Andrew started climbing around age 10 in Edmonton, Alberta. Surrounded by an incredible support network of coaches and mentors, he quickly became one of the top competitors in the country for his age. In his penultimate youth competition season, Andrew was on the podium of every youth event he entered of the season, including a second-place finish at the inaugural Youth Bouldering Nationals and a third-place finish at Difficulty Nationals. This was also the year Andrew started to make a name for himself on the adult circuit, with multiple finals appearances, a Tour de Bloc win, and ultimately making the adult bouldering national team to compete in the Toronto World Cup. Following youth Worlds that year, Andrew hung out in Europe for a bit (several months), ultimately ending with his hardest send and proudest achievement, climbing Mal de Isla, 5.14a. The next few months were spent routesetting, , coaching, commentating, and bouldering hard outside, wracking up 6 V11’s in the span of a few months. Now, Andrew lives in Vancouver attending UBC, and is back on the competition circuit training hard out of the Hive Climbing gym. Chances are you’ll spot him flailing in the gym, pebble wrestling in Squamish, or getting horribly pumped in the Bow Valley. Make sure to say hi!

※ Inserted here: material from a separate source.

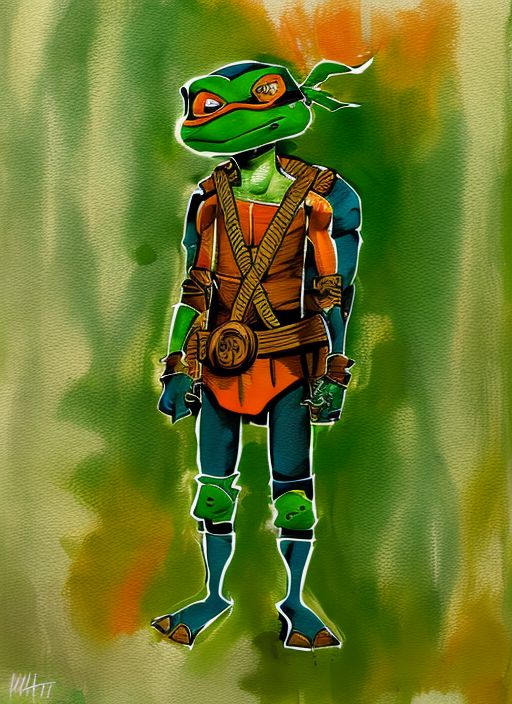 goldengnat989 teenage mutant ninja turtle, green skin, hand painted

If you could learn to do anything, what would it be? To be able to send a project without punting off the finish at least once… yeah. That would be nice.
What’s the best gift you’ve ever received? A one way ticket to Europe 😉
Do you have a spirit animal? Well, I always wanted to be like my first coach, who was dubbed the Red Stallion… obviously I’m not there yet, so I’d have to go with something slightly less impressive. A three-legged pony?